Senator Wicker is convinced that the senatorial victories achieved on November 4th can be built upon in the 2016 campaign. “Absolutely. We can pick up a couple of seats, and Nevada is certainly one of them. We definitely see an opportunity to win the seat we should have won in 2010,” he said.
In 2010, Harry Reid held his seat in a narrow victory over poorly vetted Sharron Angle, the awkward Tea Party nominee Republicans backed to run against Reid. Angle made a number of awkward remarks and those, coupled with her weak campaigning style handed Reid a victory that that he should not have had.
This time Republicans are seriously determined not to allow that to happen again, and they are working on choosing a solid candidate to run against the much-despised Reid in 2016. Nevada Governor Brian Sandoval appears to be the frontrunner, since he won re-election earlier this month, when Republicans swept the statewide races across the country.
Reid isn’t the only Republican target for 2016. Among other Democrats, Senator Pat Toomey, running for re-election in Pennsylvania is vulnerable.
Speaking about republican vulnerabilities at the next election, Wicker said, “Look, the roles are reversed between Democrats and Republicans from 2010 to 2016, we have got to defend 24 seats and just go down the list and you’ll find a number of them are in blue or purple states. A number of our senators are vulnerable, but I think they can be re-elected.”

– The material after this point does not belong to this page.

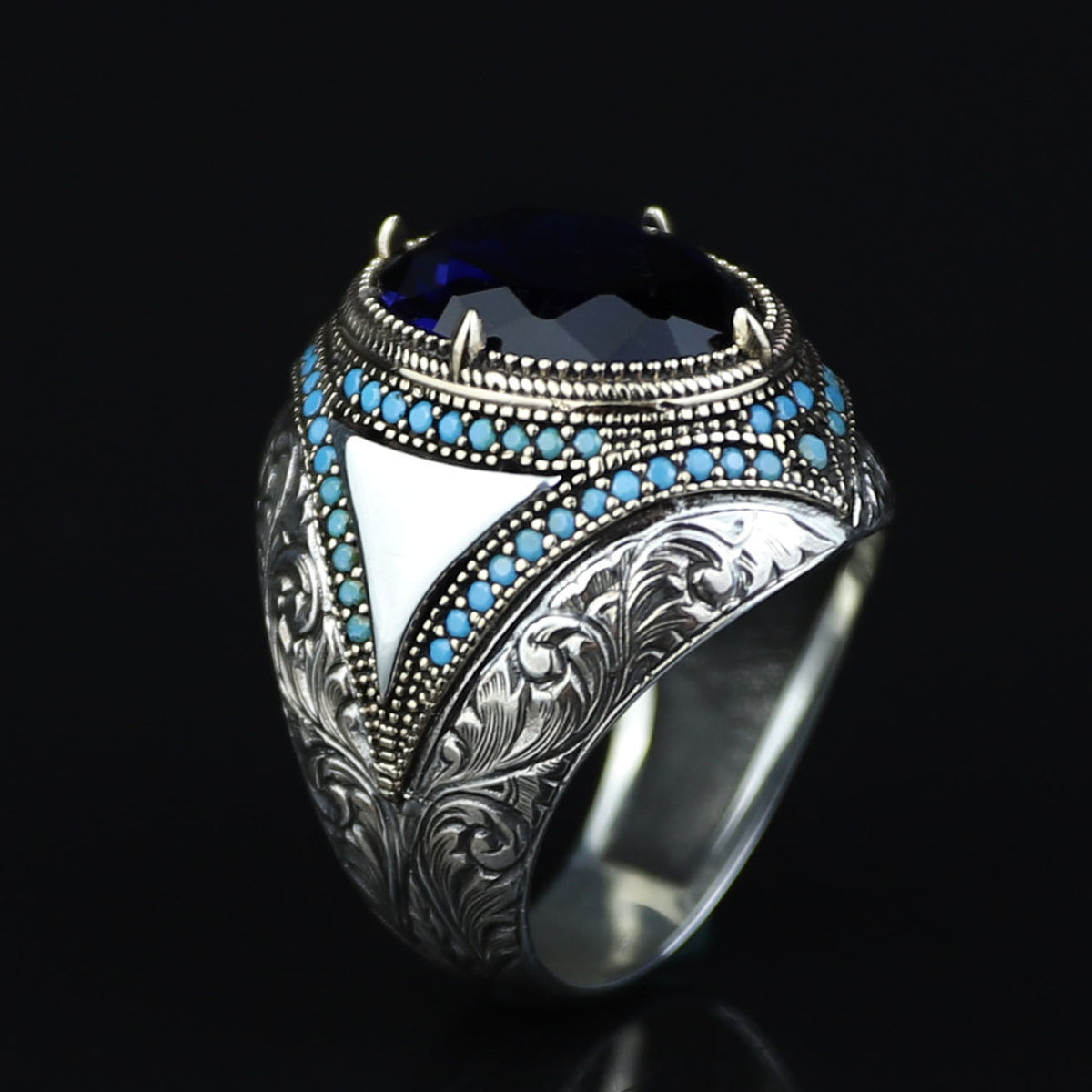 925 Sterling Silver Blue Sapphire Gemstone Men Ring, Turkish Handmade Engraved Men Sapphire Ring, 925K Sterling Silver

First elected to the U.S. House of Representatives in 1995, in 2007, Wicker was appointed to the Senate to fill a vacancy by close friend and then-Republican Gov. Haley Barbour. Prior to that, Wicker served in the Mississippi State Senate from 1988 to 1994. He is also on the Board of Advisors for the Global Panel Foundation, an NGO that works behind the scenes in crisis areas around the world.